Yatagai Scholarship Fund has helped 100 children complete high school education

Fumie Yatagai, 61, of Japan came to India two years ago to fulfil a dream of 40 years.

Hailing from Saitama, near Tokyo, she completed her early education in Canada. But a traditional upbringing prevented her from pursuing higher education. “At 25 I had to get married to the man my father chose for me,” she said.

When she learnt that her friend had become a professor at the age of 40, she yearned to go to college. “But I had to devote time to raise my family of two children.” It was this desire to study that led her to set up a trust with the money her parents left her.

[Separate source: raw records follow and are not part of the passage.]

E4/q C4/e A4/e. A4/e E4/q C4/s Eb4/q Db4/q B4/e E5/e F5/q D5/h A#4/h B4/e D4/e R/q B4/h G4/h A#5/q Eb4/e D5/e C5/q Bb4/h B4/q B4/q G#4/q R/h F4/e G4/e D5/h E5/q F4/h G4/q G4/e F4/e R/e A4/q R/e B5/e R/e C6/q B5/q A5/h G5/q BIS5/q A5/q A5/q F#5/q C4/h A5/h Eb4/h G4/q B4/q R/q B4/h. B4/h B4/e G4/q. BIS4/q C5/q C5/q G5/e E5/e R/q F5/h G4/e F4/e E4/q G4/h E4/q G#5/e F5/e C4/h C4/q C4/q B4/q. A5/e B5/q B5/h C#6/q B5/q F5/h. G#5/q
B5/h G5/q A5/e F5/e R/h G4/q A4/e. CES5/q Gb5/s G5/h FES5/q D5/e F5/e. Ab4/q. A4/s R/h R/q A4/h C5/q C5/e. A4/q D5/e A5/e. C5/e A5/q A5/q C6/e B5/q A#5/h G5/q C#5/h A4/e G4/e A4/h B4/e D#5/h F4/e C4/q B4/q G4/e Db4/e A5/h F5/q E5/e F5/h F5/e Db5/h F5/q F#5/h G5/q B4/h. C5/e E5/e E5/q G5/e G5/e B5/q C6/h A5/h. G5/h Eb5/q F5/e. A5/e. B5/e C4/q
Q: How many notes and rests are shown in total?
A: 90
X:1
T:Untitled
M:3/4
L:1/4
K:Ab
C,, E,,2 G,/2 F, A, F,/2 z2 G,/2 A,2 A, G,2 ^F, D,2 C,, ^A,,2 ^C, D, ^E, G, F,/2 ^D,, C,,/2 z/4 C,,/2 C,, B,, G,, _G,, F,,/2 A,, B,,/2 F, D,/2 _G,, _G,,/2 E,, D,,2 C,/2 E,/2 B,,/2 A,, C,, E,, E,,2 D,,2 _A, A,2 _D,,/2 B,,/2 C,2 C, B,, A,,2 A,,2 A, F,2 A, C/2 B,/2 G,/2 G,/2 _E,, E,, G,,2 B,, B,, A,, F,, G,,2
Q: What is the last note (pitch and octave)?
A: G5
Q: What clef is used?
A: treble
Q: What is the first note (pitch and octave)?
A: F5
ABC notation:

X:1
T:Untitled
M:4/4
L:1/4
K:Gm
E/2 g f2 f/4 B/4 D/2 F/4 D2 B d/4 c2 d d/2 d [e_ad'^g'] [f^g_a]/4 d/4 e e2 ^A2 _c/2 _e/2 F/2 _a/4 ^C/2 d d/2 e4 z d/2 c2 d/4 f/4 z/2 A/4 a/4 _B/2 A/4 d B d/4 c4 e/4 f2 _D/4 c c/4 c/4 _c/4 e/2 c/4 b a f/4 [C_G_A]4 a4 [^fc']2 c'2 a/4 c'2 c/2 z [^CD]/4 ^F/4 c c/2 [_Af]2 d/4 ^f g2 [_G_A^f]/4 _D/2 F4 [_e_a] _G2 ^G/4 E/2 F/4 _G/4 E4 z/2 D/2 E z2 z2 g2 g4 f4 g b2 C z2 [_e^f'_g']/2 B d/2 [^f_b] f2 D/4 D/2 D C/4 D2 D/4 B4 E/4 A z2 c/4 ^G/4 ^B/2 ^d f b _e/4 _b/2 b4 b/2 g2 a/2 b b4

“As I was the only child I could do what I pleased with the money. I set up an NGO and decided to help poor children complete their school education.” Through the Yatagai Scholarship Fund, she has helped 100 children in India and Nepal complete high school education in the last 15 years. “I believe if a child can complete school then it will find a way to finish college education also.”

But she also had a dream, one that she nurtured throughout her married life. “It was my dream as a child to get a Ph.D. But my husband was transferred to work in Fuji Films' factory, far from Tokyo.” At 52, she graduated with M.Sc. in Agriculture but had to move to her husband's ancestral home in the country when he settled after retirement. He belonged to one of the 40 families that trace their lineage to the Samurais.

Five years ago her husband died . An Indian friend suggested that she visit India and helped her find her feet in Chennai. She decided to study at the Madras University. Ms. Yatagai completed her M.Phil in Journalism and has registered for Ph.D. in the Department of Journalism and Mass Communication, University of Madras.

Her thesis is on the well-known filmmaker Yasujiro Ozu whose films are based on the stories of ordinary people that do not feature violence, war or romance.